Studio City's Lenny Krayzelburg is favored to win the 100- and 200-meter backstrokes and for good reason; he broke the world records in both events last year at the same pool where the aquatics competition will take place.

The Tarzana tag team of Jenny Johnson Jordan and Annett Davis is gunning for a gold medal in beach volleyball; former Pepperdine swimmer Jennifer Gutierrez is the top U.S. entrant in the inaugural Olympic triathlon; shortstop Crystl Bustos of Canyon Country is so overpowering she drove Dot Richardson, the star shortstop of the the gold-medal-winning 1996 U.S. softball team, to second base.

Gymnast Jamie Dantzscher, who was born in Canoga Park, won't roll over to the Russians and Romanians in the floor exercise; Inger Miller of Van Nuys won't concede a step to Jones in either the 100 or the 200 but especially the latter; Valencia's Anthony Ervin is perfectly capable of pulling off an upset of Russian Alex Popov and fellow American Gary Hall Jr. in the 50-meter freestyle.

Whatever they do in Sydney, our Olympians already have made an impact at home.
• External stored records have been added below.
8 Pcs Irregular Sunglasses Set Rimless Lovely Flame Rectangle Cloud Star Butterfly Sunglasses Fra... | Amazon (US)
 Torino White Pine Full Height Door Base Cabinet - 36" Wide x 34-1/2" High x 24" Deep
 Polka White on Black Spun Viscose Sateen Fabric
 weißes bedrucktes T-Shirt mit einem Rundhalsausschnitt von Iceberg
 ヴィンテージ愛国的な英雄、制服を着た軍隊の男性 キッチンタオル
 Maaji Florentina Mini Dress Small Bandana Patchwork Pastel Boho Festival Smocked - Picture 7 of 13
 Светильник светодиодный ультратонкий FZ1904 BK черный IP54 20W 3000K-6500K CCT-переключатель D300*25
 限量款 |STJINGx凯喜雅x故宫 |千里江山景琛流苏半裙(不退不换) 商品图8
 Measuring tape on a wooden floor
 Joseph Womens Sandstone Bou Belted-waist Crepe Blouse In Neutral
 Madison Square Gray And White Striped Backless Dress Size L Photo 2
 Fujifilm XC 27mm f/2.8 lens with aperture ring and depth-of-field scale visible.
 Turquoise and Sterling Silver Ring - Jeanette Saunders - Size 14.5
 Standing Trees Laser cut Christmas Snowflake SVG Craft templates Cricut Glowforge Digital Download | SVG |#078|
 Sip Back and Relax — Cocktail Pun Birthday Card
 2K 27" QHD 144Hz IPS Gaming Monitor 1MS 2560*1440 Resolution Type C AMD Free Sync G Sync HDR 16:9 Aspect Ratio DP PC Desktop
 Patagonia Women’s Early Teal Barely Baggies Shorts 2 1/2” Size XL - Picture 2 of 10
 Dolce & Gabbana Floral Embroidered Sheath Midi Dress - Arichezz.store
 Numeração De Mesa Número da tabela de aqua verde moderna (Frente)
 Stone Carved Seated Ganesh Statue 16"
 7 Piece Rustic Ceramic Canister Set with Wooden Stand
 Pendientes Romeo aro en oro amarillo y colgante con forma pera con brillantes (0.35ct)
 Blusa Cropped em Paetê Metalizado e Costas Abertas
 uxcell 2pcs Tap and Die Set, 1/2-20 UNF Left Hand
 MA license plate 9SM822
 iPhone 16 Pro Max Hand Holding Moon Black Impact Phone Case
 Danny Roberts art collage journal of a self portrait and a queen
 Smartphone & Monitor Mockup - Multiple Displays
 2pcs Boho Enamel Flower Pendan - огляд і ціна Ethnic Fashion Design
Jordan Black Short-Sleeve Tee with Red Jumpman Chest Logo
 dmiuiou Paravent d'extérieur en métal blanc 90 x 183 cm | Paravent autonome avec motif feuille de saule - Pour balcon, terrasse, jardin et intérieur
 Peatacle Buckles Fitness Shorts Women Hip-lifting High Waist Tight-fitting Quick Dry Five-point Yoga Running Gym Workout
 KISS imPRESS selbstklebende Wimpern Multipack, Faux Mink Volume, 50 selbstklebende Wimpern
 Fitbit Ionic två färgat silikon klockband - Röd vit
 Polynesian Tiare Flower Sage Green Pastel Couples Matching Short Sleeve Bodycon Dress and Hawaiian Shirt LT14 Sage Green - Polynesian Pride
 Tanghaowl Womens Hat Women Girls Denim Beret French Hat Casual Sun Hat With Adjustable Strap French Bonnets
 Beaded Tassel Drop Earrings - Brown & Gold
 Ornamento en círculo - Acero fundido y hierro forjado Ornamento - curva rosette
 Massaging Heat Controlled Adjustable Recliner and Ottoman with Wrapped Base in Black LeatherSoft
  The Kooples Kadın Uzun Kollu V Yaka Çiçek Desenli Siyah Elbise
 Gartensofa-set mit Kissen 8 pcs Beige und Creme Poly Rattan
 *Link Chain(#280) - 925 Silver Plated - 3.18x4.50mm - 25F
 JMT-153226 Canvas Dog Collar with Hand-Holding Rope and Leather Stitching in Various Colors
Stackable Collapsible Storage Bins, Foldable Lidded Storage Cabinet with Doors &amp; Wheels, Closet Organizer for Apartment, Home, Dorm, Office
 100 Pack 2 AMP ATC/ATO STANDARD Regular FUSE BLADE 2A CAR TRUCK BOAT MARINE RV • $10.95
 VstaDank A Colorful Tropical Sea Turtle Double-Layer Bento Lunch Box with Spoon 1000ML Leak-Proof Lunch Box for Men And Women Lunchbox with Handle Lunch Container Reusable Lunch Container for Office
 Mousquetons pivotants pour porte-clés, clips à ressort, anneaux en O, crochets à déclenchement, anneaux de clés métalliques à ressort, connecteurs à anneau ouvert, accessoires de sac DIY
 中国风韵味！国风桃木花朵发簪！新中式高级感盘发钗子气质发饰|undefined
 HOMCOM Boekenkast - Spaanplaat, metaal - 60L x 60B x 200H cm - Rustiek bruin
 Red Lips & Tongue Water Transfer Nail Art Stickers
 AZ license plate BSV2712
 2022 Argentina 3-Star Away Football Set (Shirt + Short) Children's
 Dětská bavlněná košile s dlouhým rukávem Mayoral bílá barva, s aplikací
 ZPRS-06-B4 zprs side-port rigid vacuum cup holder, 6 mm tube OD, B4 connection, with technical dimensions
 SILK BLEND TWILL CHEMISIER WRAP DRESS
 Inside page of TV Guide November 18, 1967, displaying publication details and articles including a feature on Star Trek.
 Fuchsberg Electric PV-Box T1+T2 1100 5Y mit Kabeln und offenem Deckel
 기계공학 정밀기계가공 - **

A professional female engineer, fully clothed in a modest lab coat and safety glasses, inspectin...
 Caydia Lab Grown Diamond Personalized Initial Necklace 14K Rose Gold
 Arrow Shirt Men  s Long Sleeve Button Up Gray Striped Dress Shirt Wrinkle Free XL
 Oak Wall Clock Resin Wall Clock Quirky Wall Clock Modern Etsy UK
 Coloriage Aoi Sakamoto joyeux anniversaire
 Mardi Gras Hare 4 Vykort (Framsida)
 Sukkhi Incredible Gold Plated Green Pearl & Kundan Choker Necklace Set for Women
The mother of one little boy told Ervin's mother, Sherry, the other day that the boy declared he wants to grow up ``to be just like Anthony.''

And surely somewhere in the area there is a little girl who will be mesmerized by Jones' five-gold-medal quest and will repair to her bedroom, as Jones did in 1984, and write down the words ``I want to be an Olympian.''

The Olympics are like their trademark five rings that way, interlocking dreams and dreamers and generations.

The Olympics are the pinnacle for the participants but also for their parents and friends and coaches and teachers whose technical and financial support and sacrifices helped pave the athletes' way to Sydney.

It's a path that's littered with tears and coins. Understand: It takes a small fortune to raise an Olympian and another small fortune to be able to see your child live his or her dream in person.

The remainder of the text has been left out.